With an intellectual property this big and impactful, there has been many vizualizations of Harry Potter's universe. Here are some examples found on different websites:

  • Pinterest: A lot of the works found on Pinterest related to Harry Potter are made by graphic designers, but there is some real data visualization behind it. Such as The Wand-o-graphic found on wizardingworld.com which showcases interesting facts about the magic wands used throughout the Harry Potter universe, based on observational studies which is part of what we'll do. Even though we might not be able to recreate these visually aesthetic pieces, a lot of them could serve as inspirations in the way they showcase interesting information in an eye-catching way.
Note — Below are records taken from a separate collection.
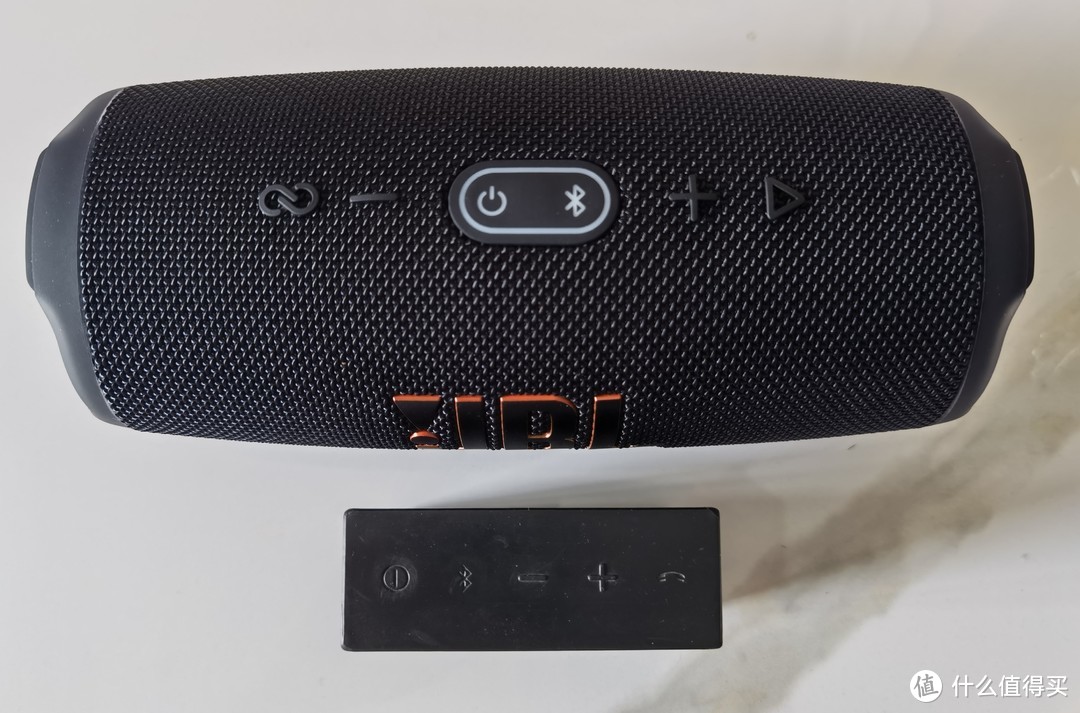 对比jbl go1代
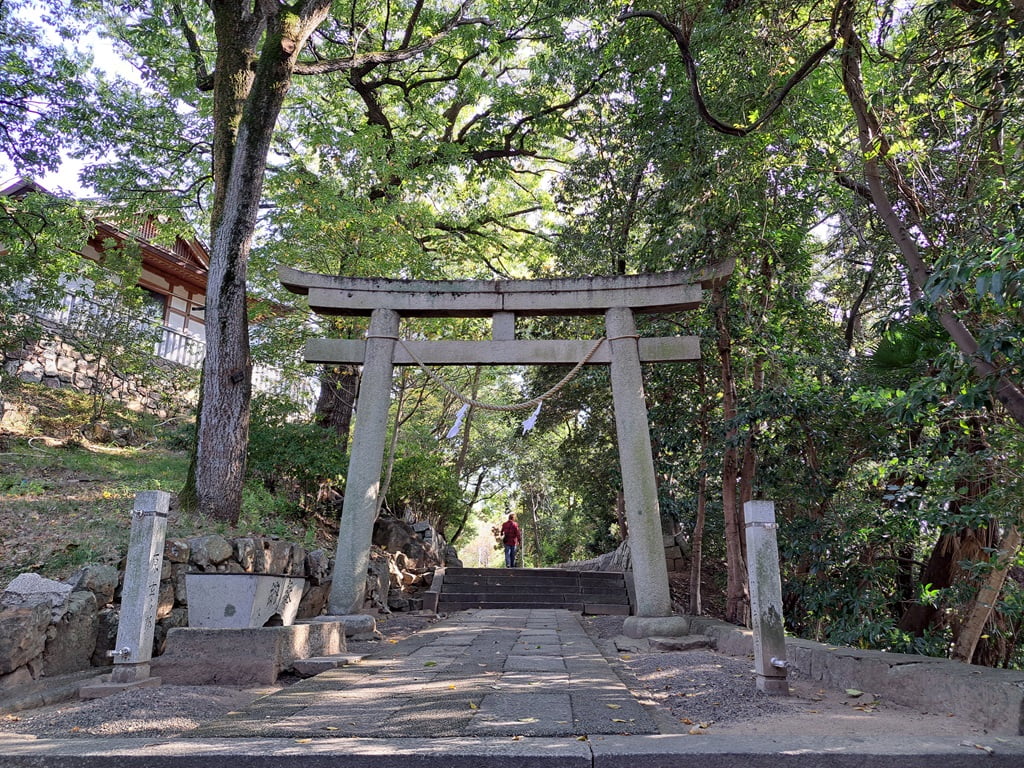 【岡山】倉敷美觀地區半日遊-楊柳、白壁藏與倉敷川遊船 - 第12張圖 神社鳥居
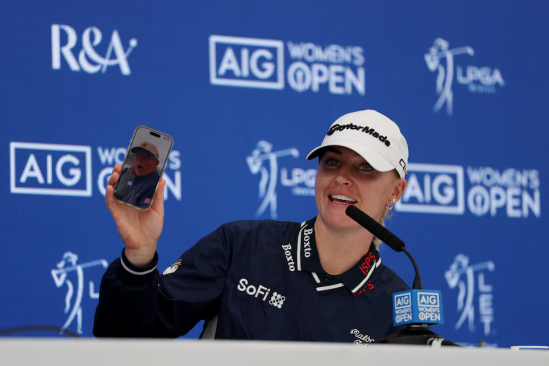 Charley Hull na tiskové konferenci (foto: Getty Images)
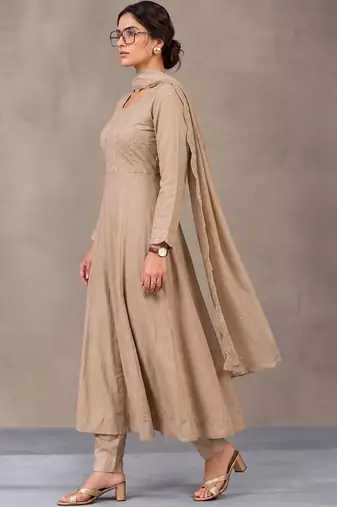 women ethnic embroidered empire thread work kurta with trousers with dupatta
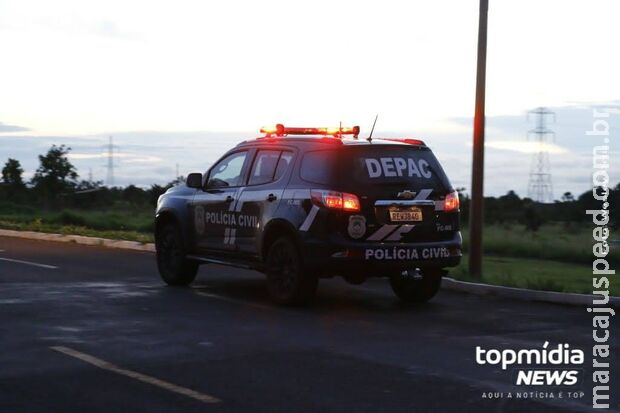 Casal é agredido a socos e chutes por vizinhos após briga por fogo em lixo em Campo Grande Casal é agredido a socos e chutes por vizinhos após briga por fogo em lixo em Campo Grande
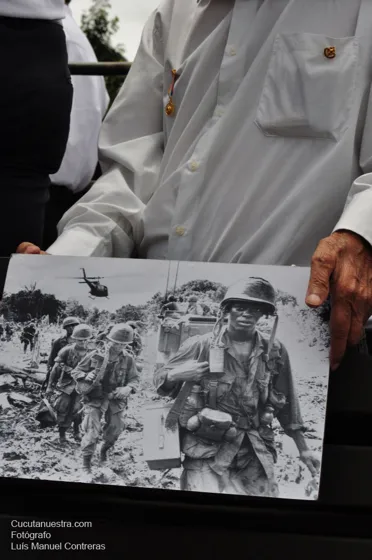Veterano mostrando una fotografía de su época de servicio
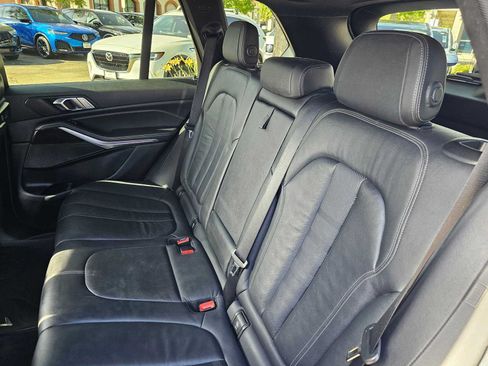 Used 2019 BMW X5 xDrive40i w/ M Sport Package AWD/4WD image 17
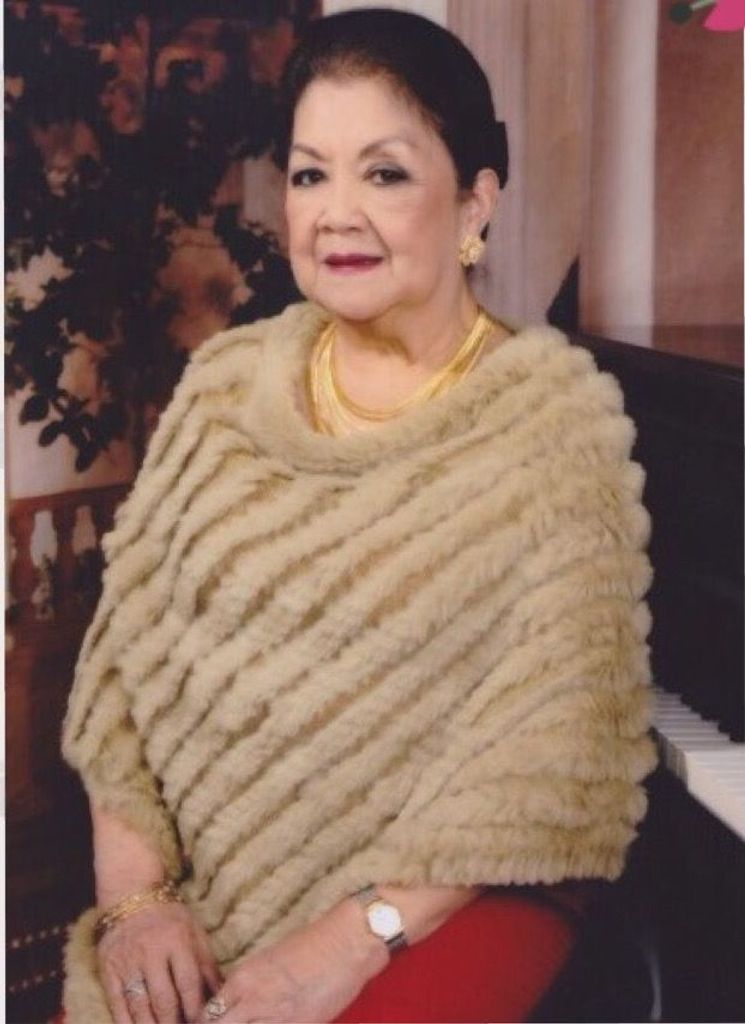 Rosalina Vivar Oshiro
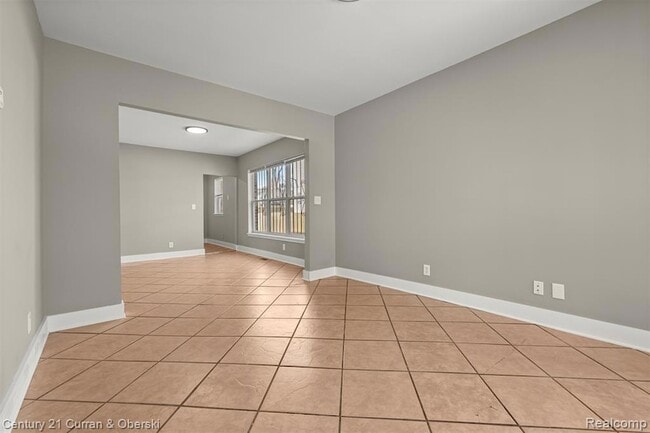 Building Photo - 1409 N Green St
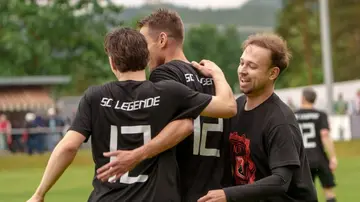 Bildergalerie: Fußballgeschichte zum Anfassen - Legendenspiel begeistert in Luhe-Wildenau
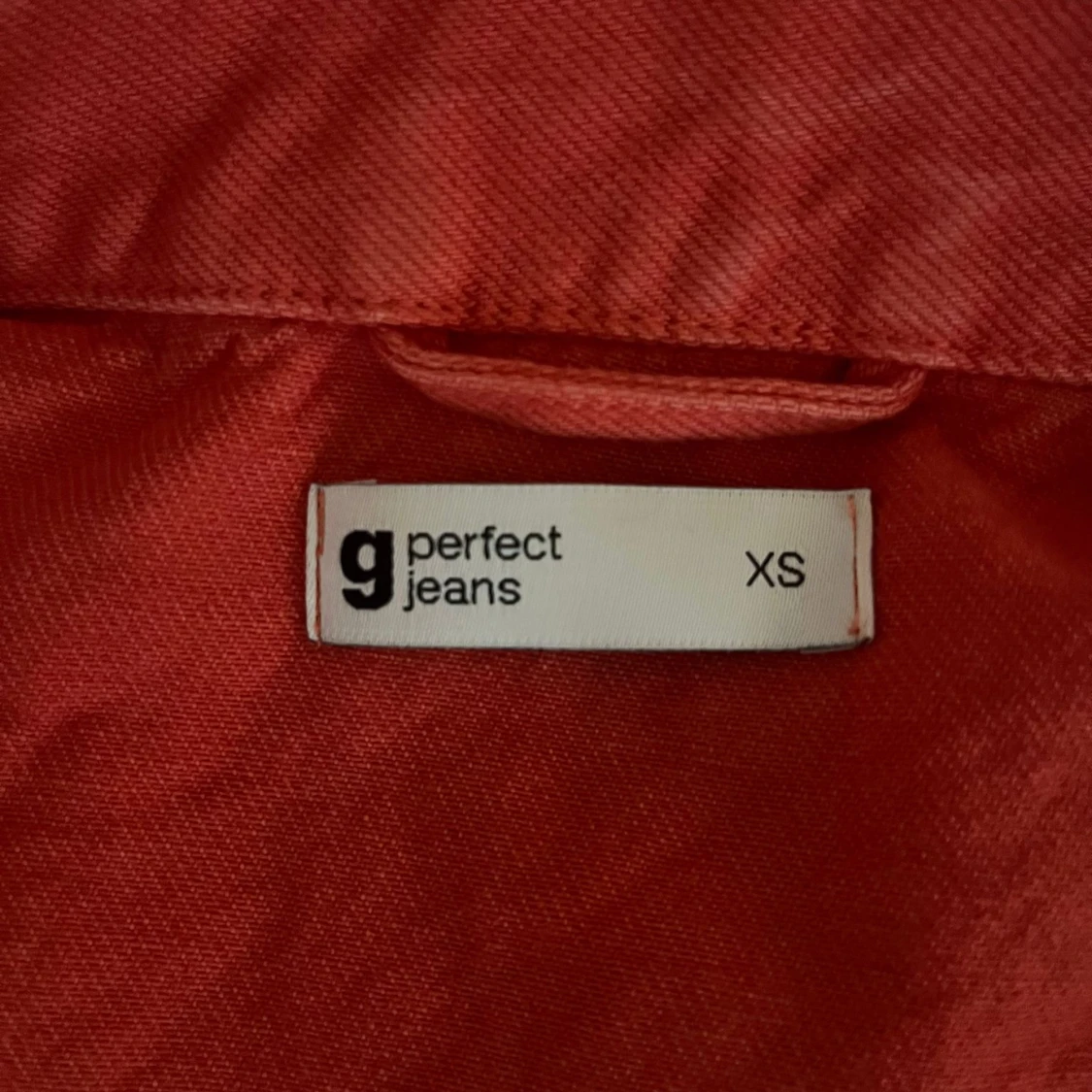 Röd croppad jacka från Perfect Jeans - 92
  • Tableau: Another very good source for data vizzes in general is the Tableau public repository. This vizualization of spell types or this one showcase exactly what we'd like to do with the spells in the Harry Potter universe.
  • Accio data: As an additional Harry Potter-specific source we have Accio data, a work done by a graphic designer during her senior year, which she describes as a data-driven visual guide to all things Harry Potter. Since it's a book, these data vizzes are static but showcase a lot of what we'd like to show in our project in a simple yet visually appealing way. For example, the info we'd like to show of characters and their blood type is displayed here as a periodic table, with each blood type represented by a different color.
  • Explore Harry Potter via a dynamic social network of characters: The final source of information we find useful is a network representation of the relations in the Harry Potter saga. It is a good source of inspiration since we already plan to do a visualization involving connections/relations between characters. Our approach will be different in the sense that we won't explore the relations between the characters at the chapter level, but we will rather see if they interact at any time during the whole book series. This means that we will lose the temporal component in the first place but in the other hand we will end up with a bigger network and maybe more insightful network.